[Records from a collection]
>>

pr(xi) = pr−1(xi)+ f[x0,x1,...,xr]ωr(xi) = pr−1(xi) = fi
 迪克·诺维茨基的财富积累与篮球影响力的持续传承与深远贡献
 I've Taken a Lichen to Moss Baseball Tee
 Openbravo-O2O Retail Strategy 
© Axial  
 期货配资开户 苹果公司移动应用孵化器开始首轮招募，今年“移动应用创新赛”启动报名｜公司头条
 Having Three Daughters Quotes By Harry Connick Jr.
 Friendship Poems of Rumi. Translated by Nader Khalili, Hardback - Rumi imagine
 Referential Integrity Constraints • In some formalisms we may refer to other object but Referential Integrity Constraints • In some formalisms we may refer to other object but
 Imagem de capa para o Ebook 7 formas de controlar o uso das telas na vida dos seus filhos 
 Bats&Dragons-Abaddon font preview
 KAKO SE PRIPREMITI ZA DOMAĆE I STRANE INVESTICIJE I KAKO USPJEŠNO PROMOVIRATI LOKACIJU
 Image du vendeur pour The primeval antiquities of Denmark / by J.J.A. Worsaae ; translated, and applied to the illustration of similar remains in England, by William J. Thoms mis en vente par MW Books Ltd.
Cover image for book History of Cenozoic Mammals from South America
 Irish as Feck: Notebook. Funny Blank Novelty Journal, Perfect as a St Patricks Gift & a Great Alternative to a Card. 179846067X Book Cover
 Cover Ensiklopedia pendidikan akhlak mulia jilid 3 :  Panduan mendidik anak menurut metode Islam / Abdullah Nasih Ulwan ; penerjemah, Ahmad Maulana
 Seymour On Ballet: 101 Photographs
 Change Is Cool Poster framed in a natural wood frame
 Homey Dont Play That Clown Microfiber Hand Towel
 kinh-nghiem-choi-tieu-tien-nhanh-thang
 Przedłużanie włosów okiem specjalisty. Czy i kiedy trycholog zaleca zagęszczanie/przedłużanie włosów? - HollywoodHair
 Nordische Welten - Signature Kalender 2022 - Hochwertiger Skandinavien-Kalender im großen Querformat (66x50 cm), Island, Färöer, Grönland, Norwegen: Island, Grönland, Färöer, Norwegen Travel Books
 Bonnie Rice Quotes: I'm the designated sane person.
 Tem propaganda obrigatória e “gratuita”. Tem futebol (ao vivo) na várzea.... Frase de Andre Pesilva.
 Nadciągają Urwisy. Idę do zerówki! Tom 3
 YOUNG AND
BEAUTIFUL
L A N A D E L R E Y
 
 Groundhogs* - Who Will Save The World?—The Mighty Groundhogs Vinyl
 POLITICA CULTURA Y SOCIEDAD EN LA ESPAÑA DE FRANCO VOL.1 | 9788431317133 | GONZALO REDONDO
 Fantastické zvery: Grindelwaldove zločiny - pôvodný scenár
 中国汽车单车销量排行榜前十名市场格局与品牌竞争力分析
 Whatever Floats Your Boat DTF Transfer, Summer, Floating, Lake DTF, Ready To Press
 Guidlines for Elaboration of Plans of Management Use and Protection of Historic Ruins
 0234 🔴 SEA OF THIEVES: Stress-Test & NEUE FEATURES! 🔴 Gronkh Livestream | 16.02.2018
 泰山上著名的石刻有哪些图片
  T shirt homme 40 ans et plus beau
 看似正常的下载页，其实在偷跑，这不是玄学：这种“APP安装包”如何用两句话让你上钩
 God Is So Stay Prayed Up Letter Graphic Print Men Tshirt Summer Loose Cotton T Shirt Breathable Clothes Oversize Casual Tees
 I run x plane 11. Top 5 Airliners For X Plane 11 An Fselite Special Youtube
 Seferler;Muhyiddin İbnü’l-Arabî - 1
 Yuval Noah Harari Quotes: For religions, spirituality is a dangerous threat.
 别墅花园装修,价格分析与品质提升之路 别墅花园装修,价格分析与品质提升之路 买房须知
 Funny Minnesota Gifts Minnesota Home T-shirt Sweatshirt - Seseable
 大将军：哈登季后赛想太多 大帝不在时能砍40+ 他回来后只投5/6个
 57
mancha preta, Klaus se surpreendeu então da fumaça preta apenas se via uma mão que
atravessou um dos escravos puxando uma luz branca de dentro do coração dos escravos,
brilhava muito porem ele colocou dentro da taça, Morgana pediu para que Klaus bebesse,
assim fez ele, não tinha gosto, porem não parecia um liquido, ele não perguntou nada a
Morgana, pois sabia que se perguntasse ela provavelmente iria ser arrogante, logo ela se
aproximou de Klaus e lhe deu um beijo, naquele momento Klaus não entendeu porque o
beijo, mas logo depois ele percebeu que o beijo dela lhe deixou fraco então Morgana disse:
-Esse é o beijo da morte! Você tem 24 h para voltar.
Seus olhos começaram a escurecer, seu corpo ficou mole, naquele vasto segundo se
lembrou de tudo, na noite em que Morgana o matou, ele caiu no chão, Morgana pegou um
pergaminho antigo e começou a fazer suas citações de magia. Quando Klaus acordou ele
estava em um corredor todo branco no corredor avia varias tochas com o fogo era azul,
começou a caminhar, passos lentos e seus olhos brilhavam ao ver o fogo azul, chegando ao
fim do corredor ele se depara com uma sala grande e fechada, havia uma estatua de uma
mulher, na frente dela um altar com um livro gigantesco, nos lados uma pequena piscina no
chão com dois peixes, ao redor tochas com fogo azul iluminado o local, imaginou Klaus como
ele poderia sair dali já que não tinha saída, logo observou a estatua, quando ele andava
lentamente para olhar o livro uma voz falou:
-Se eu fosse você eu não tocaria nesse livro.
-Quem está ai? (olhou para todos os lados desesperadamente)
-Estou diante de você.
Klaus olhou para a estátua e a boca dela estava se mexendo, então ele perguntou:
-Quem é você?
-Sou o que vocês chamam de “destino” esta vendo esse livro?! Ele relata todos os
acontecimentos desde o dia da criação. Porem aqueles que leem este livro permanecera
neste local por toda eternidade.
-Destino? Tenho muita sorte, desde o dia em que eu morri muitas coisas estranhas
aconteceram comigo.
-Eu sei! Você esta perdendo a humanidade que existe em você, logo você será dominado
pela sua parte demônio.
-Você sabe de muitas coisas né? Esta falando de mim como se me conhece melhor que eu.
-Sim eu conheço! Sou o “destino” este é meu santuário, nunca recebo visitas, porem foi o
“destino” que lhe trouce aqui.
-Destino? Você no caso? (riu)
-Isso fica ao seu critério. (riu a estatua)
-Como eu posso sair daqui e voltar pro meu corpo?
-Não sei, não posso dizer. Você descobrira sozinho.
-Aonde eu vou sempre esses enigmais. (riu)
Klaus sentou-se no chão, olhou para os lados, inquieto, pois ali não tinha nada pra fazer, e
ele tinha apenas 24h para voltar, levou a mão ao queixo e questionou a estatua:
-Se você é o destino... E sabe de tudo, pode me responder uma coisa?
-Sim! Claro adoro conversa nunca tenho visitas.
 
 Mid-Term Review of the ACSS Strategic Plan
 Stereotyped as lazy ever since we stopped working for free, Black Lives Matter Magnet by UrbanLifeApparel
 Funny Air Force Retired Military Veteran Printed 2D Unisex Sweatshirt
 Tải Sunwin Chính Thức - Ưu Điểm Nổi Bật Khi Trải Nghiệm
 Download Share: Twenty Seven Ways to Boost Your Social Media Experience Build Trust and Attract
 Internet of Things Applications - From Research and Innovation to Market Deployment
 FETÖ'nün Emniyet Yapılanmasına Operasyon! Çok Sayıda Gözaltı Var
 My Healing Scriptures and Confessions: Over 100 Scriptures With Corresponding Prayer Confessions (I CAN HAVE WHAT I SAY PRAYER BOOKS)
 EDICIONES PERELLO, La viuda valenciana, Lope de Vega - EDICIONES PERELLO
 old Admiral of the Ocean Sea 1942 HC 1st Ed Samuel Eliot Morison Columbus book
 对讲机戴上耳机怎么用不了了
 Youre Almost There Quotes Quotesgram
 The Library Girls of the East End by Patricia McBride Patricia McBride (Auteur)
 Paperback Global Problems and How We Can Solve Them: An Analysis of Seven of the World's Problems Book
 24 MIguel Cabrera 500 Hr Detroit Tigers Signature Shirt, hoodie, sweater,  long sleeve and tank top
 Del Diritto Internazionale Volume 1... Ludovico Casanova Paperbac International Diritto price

<<

● PROBLEM REQUIREMENTS
Copy the line containing "24 MIguel Cabrera" and every line after it, through the last line of the records. Include nothing else.

● EXERCISE OUTPUT
 24 MIguel Cabrera 500 Hr Detroit Tigers Signature Shirt, hoodie, sweater,  long sleeve and tank top
 Del Diritto Internazionale Volume 1... Ludovico Casanova Paperbac International Diritto price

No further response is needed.